In the last post we talked about general KPIs. In this post I’d like to focus on sales based KPIs. For most organizations, sales is the lifeblood of the company. If you don’t have sales, you don’t have revenue. There are a number of simple Key Performance Indicators you can use to measure how your sales team is performing.
Many of these KPIs can be tracked via your accounting software or CRM software out of the box. Others may require a bit of tweaking.
- Quoted Pipeline ($) – The dollar value of your pipeline measured in a consistent way. We used to track the percentage of low, medium and high probability opportunities that closed and would multiple each “bucket” by the closed percentage. For example, if we had 80% of our high probability, 50% of our medium probability and 20% of our low probability opportunities close while they were in those respective buckets, our quoted pipeline would be (Total $’s in the high probability bucket X 80%) + (Total $’s in the medium bucket X 50%) + (Total $’s in the low bucket X 20%).
- Win/Loss Ratio (%) – The ratio of the number of leads in vs. the number of deals closed. Once again, this has to be measured in a consistent way. Are you using “qualified” leads? All leads? My preference is measuring all leads. If you get a lot of unqualified opportunities through the door you need to change how you acquire leads.
- Quotation Conversion Rate (%) – Similar to the Win/Loss Ratio, this ratio measures how many quotes or proposals you generate vs. the number of quotes/proposals that turn into orders. This helps measure the efficiency of your account team to properly qualify opportunities and should be significantly higher than your general win/loss ratio.
- New Clients (#) – A very simple number, this will show you how your account team is generally doing on new customer acquisition. A big drop or a big gain can show everything from market saturation to a stellar marketing campaign. In other words, this number needs to be measured against activities that may affect it.
- Existing vs. New Customer Quotes (%) – How many proposals are you generating for new customers vs. existing customers? Once again, this number will tell you whether your team is focusing on new customer acquisition or keeping existing customers happy. A big dropoff in this number says that you aren’t paying enough attention to existing customers.

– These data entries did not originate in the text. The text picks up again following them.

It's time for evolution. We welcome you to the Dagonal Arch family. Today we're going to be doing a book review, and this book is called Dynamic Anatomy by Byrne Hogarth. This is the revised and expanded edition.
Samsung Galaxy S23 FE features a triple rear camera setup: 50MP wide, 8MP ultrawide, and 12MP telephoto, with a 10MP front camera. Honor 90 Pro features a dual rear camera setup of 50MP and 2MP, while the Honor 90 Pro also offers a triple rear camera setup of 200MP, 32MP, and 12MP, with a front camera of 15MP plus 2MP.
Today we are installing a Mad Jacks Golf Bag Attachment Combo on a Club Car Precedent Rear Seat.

- Cost of Sales to GM Dollar (%) – How much of your operational costs go to sales vs. overall operations? Just take your sales compensation, taxes, benefits, commissions etc. from your operational numbers and then divide by the total gross margin. You might also include marketing expenditures in this. Are you spending too much or too little to acquire each dollar of profit?

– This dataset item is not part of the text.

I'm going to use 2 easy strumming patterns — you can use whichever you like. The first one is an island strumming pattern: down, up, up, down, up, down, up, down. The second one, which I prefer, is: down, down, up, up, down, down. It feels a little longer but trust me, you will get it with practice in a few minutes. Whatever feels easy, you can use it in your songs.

- % of reps on Quota Track (%) – Consistently measured, this will help you understand the overall strength of your sales team. It would be great to measure on a weekly basis, but most organizations have monthly or quarterly quotas. At the end of each month or quarter, what percentage of your sales team is on track to make or exceed their yearly quota?

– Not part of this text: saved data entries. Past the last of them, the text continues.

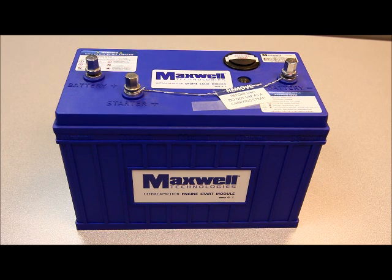The start module performs the engine cranking, and it reliably starts to minus 40 degrees Fahrenheit. It effectively eliminates the jump start process and extends battery life and lowers replacement costs. It resists shock, vibration, and overcharging, and easily cranks diesel engines up to 16 liters. This has a four-year warranty.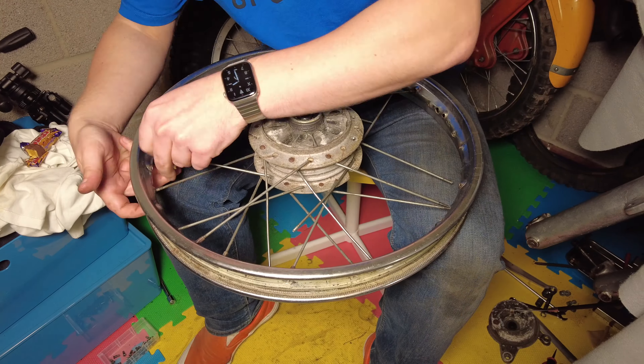Oh dear, it bloody stinks. Good God, that is not a nice smell. I put it in a mug of carb cleaner just to let it sit and soak, and the first thing that happened, it started fizzing. Since this point, it's become apparent that not only is it very hard to get service kits for this particular model of carb, it's also really easy to get Chinese knock-offs on eBay, so I've bought one of those and we'll try that out first.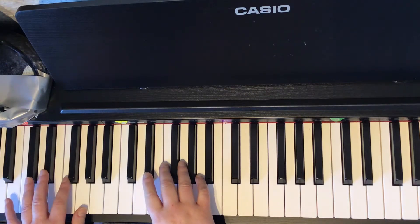E-flat major scale, two hands, two octaves, legato, very slow. One and two and ready. Here we go.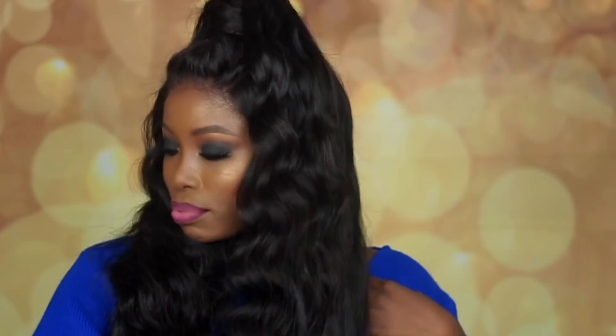This looks really nice. I look like an Egyptian goddess. I really love this hairstyle on me — why haven't I had something like this before?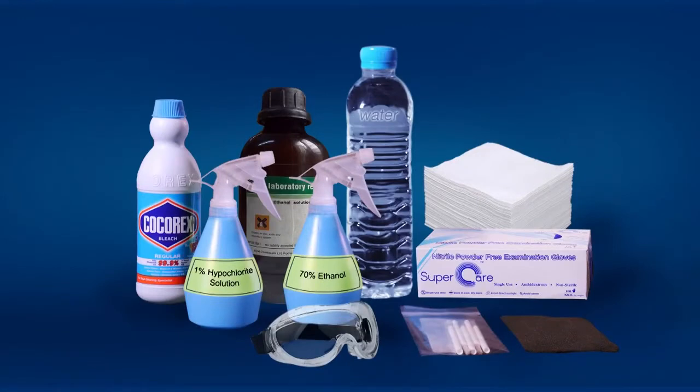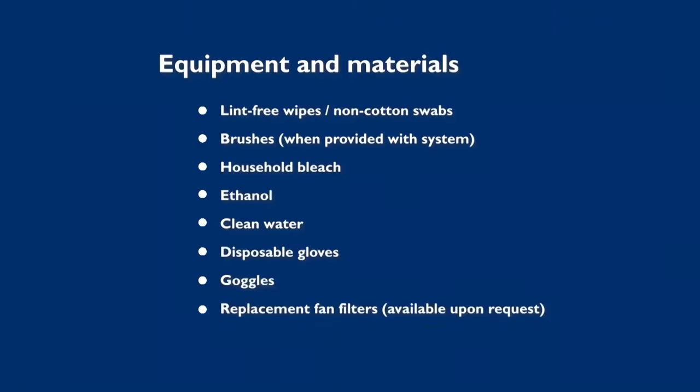In this video, we will demonstrate how to perform the GeneXpert maintenance procedure. Firstly, we would like to describe the materials, reagents, and solutions required to perform GeneXpert system maintenance.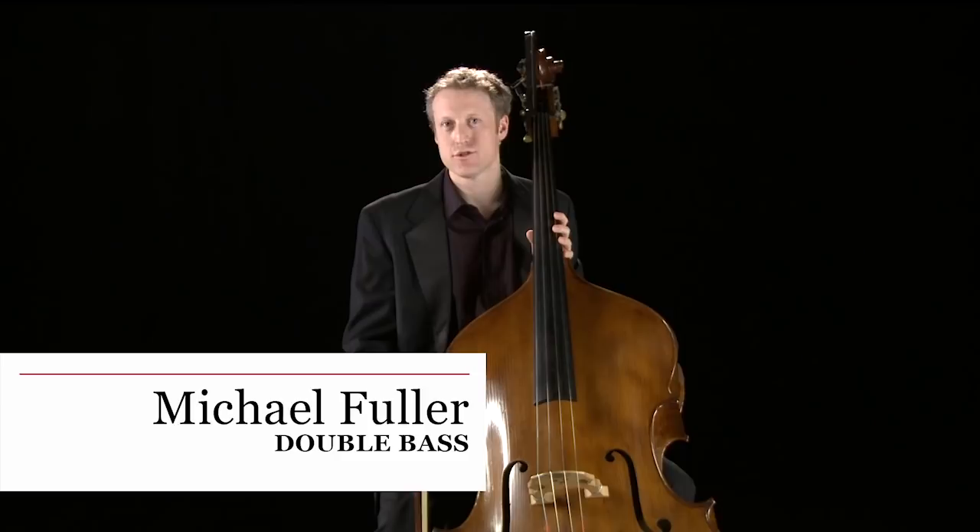My name is Michael Fuller and I'm a member of the Philharmonia Orchestra double bass section. The double bass is the largest and the lowest of all the string instruments. It's made of wood and has four strings.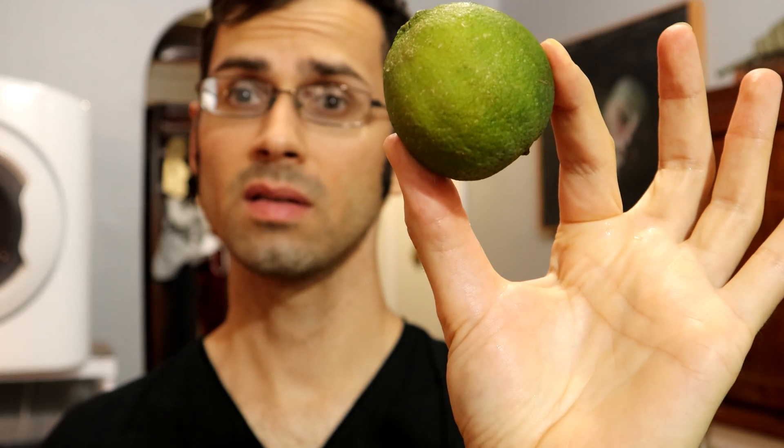This, ladies and gentlemen, is a lime. A normal lime.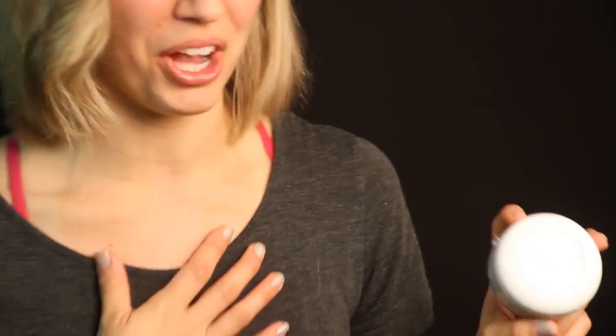Hi, I'm Lacey with RocketPure and today we're talking about RocketPure's Cooling Muscle Balm. It's my favorite product in the RocketPure product line.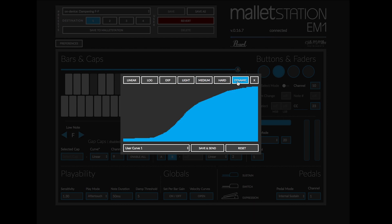I can also use these seven presets as a starting point to change what the user curves are saved onto the Mallet Station. There are four user curves available, so I can use linear as a starting point and then literally draw in with my mouse my own curve and how I want that to respond. I'm now going to save that to user curve 1 and hit save and send — that is now our user curve 1 on Mallet Station.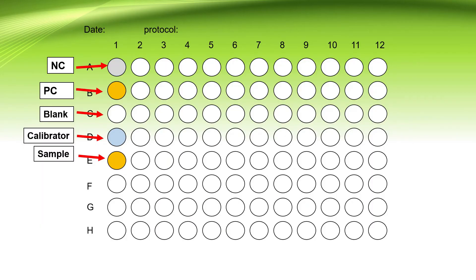These are color photographs of ELISA plates showing positive control, negative control, and samples. In this diagram, the correct sequence is: first, negative control; second, positive control; third, blank — the usage of blank is optional, as some kits use it as mandatory and some don't; fourth, calibrator; and fifth onward will be samples.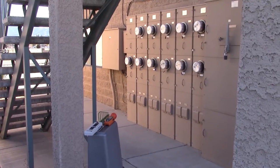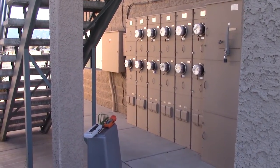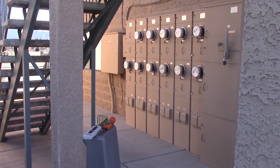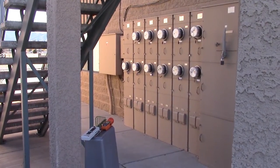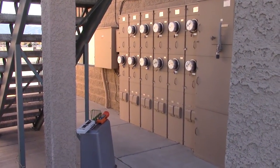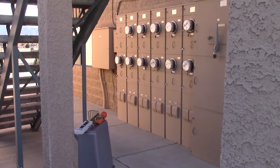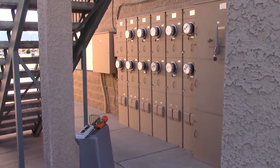We have 11 smart meters there and our equipment is set up. The equipment is 6.5 feet from the closest smart meters and 11 feet from the farthest one. I've got the HF35C with the directional antenna. Let's go see what they get.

- Overall % of Quota (%) – Where are you right now compared to your goals? This is best compared against numbers from the same timeframe 1, 2 and 3 years ago.
- Number of Appointments (%) – Once again, a simple number. How are your appointments compared to last month or last year?
- Web Leads (#) – A significant number of today’s leads come from the Internet. Are you spending money on search engine optimization (Hint: If you’re not, you should be)? If so, this is one of MANY SEO metrics you should be tracking (also rankings, number of terms in rankings, conversion rates, organic vs. inorganic rates, etc.)
- Upsell Rate (%) – This may take some manual work to figure out, but it’s the percentage of closed deals that had a higher revenue amount when closed than when the first proposal was generated. Obviously, a good way to determine whether your reps are looking for additional opportunities within a qualified prospect.
- Downsell Rate (%) – The opposite of upselling, this is the percentage of deals that closed for a lower amount than the first proposal. For example, if the first proposal was for $100 and the actual order was for $50, this should be included. If you have a high downsell rate there is a good possibility your sales pipeline numbers are inflated and you have an overly optimistic sales team. It’s really tough to make accurate projections when your overall opportunity numbers are inflated.
These numbers aren’t only useful to you, but they are also useful when you are seeking funding – whether it’s from a bank, an angel investor, a mezzanine company or whomever. If you demonstrate a strong pipeline, and support the pipeline number by ensuring that the numbers that make up your pipeline are pretty accurate, you have a great story to tell.